Australia urged to dump ‘out of date’ CV risk calculators

Risk factors

By Nicola Garrett

9 Aug 2019

Prof Rod Jackson

The most common cardiovascular risk calculators used in Australia are out of date and in desperate need of an overhaul, cardiologists have been told. 

Speaking at the CSANZ 2019 ASM in Adelaide, Professor Rod Jackson, an epidemiologist from the School of Population Health at the University of Auckland, told delegates that Australia ought to take a leaf out of New Zealand’s book and ditch Framingham and establish a large scale primary care cohort representative of its target population. 

New Zealand set out on the path to creating their own home-grown calculator PREDICT when they realised that a CVD risk prediction calculator derived from a 1970s US white cohort “probably wouldn’t be that relevant for a multi-ethnic New Zealand population living in the 21st century.”

Designed to help GPs predict their patient’s risk of cardiovascular disease, PREDICT included 401,752 New Zealanders aged 30–74 years without prior cardiovascular disease, congestive heart failure or significant renal disease, who had their cardiovascular risk assessed by their GPs or practice nurses using PREDICT software. 

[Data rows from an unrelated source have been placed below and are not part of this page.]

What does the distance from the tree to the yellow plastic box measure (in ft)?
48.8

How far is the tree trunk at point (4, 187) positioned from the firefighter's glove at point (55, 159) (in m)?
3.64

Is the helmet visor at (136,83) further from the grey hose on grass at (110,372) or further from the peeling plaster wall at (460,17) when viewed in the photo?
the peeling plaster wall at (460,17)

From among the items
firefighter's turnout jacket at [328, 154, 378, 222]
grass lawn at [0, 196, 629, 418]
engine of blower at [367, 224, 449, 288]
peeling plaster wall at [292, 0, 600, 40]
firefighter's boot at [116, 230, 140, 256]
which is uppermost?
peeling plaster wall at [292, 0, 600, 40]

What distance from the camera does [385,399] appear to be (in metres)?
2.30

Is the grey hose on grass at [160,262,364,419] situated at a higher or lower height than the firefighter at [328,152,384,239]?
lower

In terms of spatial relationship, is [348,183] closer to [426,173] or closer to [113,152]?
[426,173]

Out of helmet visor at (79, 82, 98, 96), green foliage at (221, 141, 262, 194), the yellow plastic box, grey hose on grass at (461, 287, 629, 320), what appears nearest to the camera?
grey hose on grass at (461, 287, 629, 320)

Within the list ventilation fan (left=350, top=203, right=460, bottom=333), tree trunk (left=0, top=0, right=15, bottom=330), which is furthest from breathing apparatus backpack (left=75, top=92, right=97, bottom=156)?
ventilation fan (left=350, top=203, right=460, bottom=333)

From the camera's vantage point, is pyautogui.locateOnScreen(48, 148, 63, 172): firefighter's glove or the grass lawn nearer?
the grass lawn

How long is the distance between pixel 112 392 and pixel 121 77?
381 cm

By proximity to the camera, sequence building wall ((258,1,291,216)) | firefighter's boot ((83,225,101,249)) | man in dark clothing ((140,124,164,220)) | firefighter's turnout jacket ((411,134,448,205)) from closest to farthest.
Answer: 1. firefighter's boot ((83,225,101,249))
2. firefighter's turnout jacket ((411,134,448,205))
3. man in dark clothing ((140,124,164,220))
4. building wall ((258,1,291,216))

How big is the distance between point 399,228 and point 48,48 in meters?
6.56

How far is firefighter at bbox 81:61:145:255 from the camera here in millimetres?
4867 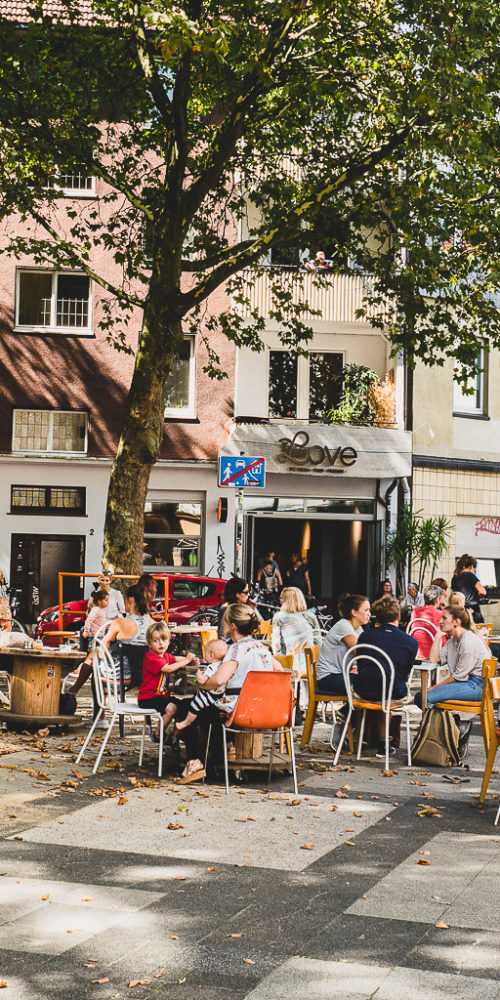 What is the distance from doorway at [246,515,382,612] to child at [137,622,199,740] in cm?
1786

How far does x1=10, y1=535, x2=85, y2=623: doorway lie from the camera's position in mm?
27219

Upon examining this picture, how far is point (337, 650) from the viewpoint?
11172 mm

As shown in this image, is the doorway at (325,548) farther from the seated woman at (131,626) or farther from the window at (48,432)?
the seated woman at (131,626)

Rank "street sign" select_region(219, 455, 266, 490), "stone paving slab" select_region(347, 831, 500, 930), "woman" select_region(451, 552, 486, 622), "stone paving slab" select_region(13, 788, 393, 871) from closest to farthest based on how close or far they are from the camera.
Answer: "stone paving slab" select_region(347, 831, 500, 930), "stone paving slab" select_region(13, 788, 393, 871), "street sign" select_region(219, 455, 266, 490), "woman" select_region(451, 552, 486, 622)

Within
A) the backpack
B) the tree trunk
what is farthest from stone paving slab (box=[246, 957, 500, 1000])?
→ the tree trunk

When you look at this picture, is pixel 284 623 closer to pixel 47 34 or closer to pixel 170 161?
pixel 170 161

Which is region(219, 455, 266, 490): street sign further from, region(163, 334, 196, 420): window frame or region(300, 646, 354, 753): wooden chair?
region(163, 334, 196, 420): window frame

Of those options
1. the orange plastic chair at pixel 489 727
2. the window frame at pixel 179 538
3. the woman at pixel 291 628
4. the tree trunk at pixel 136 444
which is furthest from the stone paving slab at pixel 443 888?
the window frame at pixel 179 538

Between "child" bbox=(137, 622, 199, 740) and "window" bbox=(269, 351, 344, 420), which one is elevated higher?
"window" bbox=(269, 351, 344, 420)

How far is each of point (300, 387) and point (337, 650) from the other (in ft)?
59.7

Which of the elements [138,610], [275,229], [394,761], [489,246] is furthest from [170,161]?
[394,761]

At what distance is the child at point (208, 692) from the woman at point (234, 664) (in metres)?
0.03

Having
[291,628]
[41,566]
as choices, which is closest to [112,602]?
[291,628]

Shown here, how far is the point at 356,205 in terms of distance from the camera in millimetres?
18047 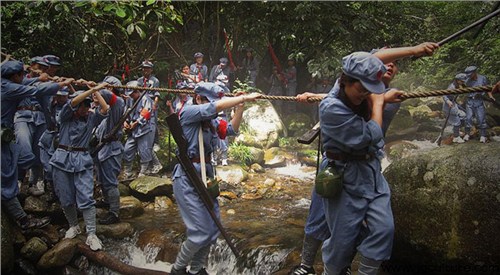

The software stored an anonymised copy of each patient’s risk factor data that is then linked to national hospital and mortality databases.

The variables in the PREDICT risk equation include those used for calculating CVD risk in calculators such as Framingham (sex, age, ethnicity, family history, smoking status, diabetes status, systolic blood pressure, and ratio of total cholesterol to HDL cholesterol) but in addition measure atrial fibrillation, medication use and social deprivation.

When Professor Jackson and colleagues calibrated the data against the Framingham score they found it overestimated risk by up to 50% in the NZ PREDICT cohort. US Pooled Cohort Equations (PCEs) also overestimated risk.

“The cohort required to validate existing equations is the same cohort required to derive new equations,” he told conference delegates.

However, Professor Jackson warned that developing a risk calculator was likely to take Australia between 5 to 15 years and cost up to $15 million. 

“In the meantime, you could use the New Zealand PREDICT equations,” he quipped.